Glenn Beck is a Mormon and this stuff is baked into Mormon culture even more than Evangelical culture. There’s the whole culture of multilevel marketing— or pyramid schemes, as they’re more derisively known— which is basically a system where you buy a franchise for some kind of product but you really only make money by selling a chunk of the franchise to your neighbor. The further down the line you are, the less likely you are to realize any profits, and most people lose lots of money on this stuff. MLM, some people joke in Utah, stands for “Mormons losing money” and so these guys are masters of the stuff. There’s also a culture of Evangelical or Mormon witnessing; being able to cry on cue when telling the story of your victimization is very important. This goes back to Elmer Gantry as portrayed by Burt Lancaster in the film of the same name.

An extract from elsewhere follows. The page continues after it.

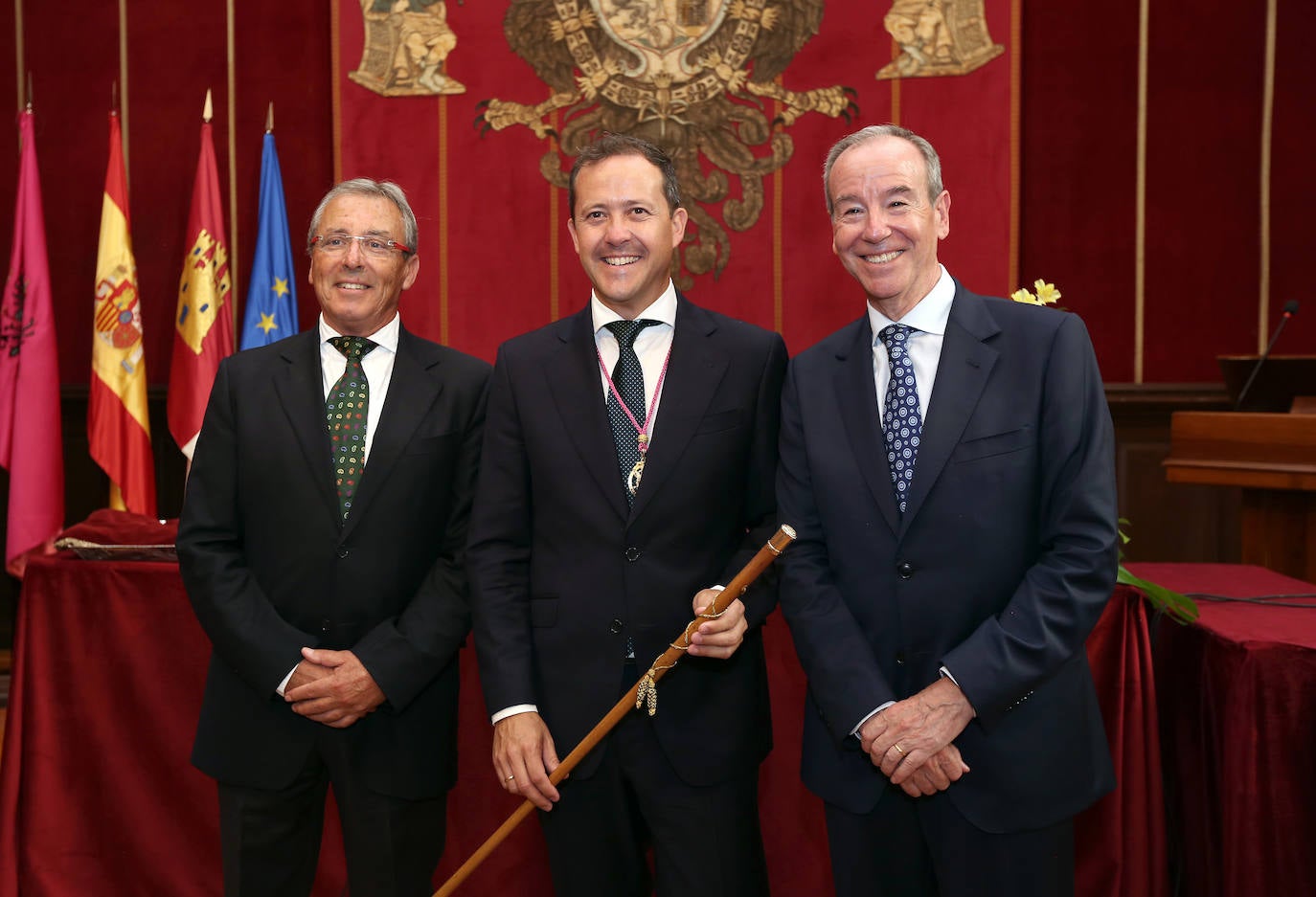 La toma de posesión de Carlos Velázquez como alcalde de Toledo, en imágenes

There is or was a right-wing talk radio station in Denver, and awhile back I listened in rapt fascination to the Michael Savage show while stuck in a traffic jam. I was particularly struck by how between all the frothing at the mouth, Savage would pitch every kind of snake oil imaginable — miracle medical cures of course, but also financial miracles via no money down real estate pyramid schemes, gold bug propaganda, survivalist kits, you name it.

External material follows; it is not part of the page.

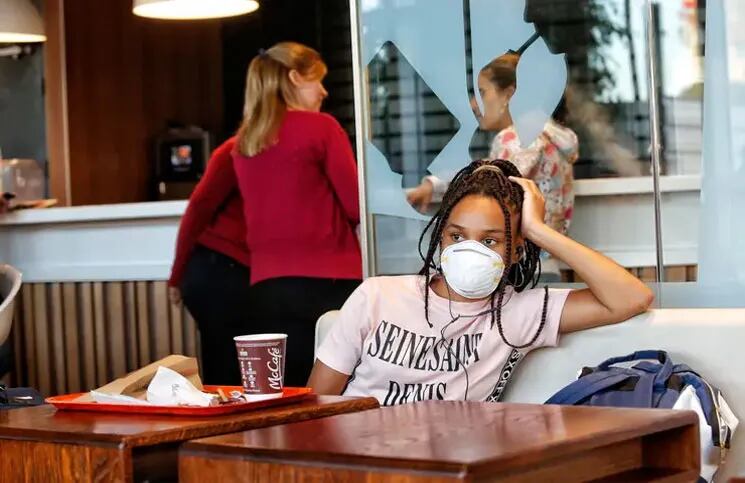 "Te aseguro que en ese avión venía el coronavirus": los turistas de Ezeiza sienten el pánico ante la epidemia mundial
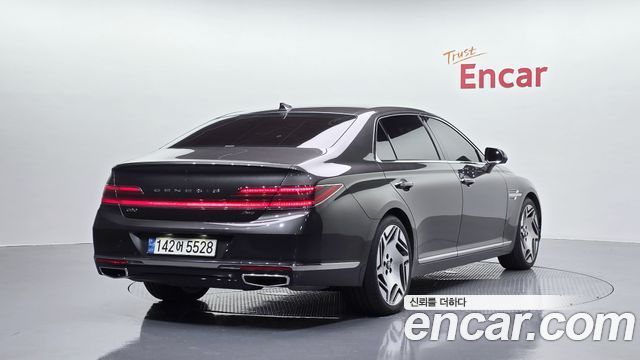 Genesis G90 3.3 T AWD Premium 2021 — фото 2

Anyway, all this makes me think of (what else?) law schools, but really you can apply a grifter-style frame to a huge number of social institutions, from the most disreputable to the most respectable. (For instance climate change denialism lends itself very well to this typology.)
I propose the following typology, using the current crisis in legal education as an exemplar. Any successful sustained grift (the term of art is a “long con”) will feature three sorts of promotional characters. These character types have fuzzy boundaries, and indeed a single person may at any one time exhibit traits of two or all three of them, as well as moving between types over time.
The Wise Guy
This guy (or gal) is on the grift and knows it. He therefore has a certain purity to him. Example: The people running Sterling Partners, the Chicago private equity firm that figured out how to gorge itself on federal loans by opening up for-profit open-enrollment law schools. Sterling Partners knows exactly what it’s about, which is profit-maximization courtesy the American taxpayer.
These are the classic sales types. Asking them if they believe their own pitches is like asking an actor if he really is the character he’s playing. In other words the question itself involves a category mistake. Examples: Basically every law school dean when he’s playing the role of a law school dean.
This person really believes. It’s of course extremely tempting to believe things that one wants to believe are true, and plenty of people give in to that temptation, even if doing so requires performing certain unnatural intellectual acts (Flaubert: “To be stupid, selfish, and have good health are three requirements for happiness, though if stupidity is lacking, all is lost.”).
I could add plenty of illustrative links but reading Perlstein makes me feel a certain sympathy for the devils, so readers can come up with their own favorites.
I do wonder where Erwin Chemerinsky fits into this maze however.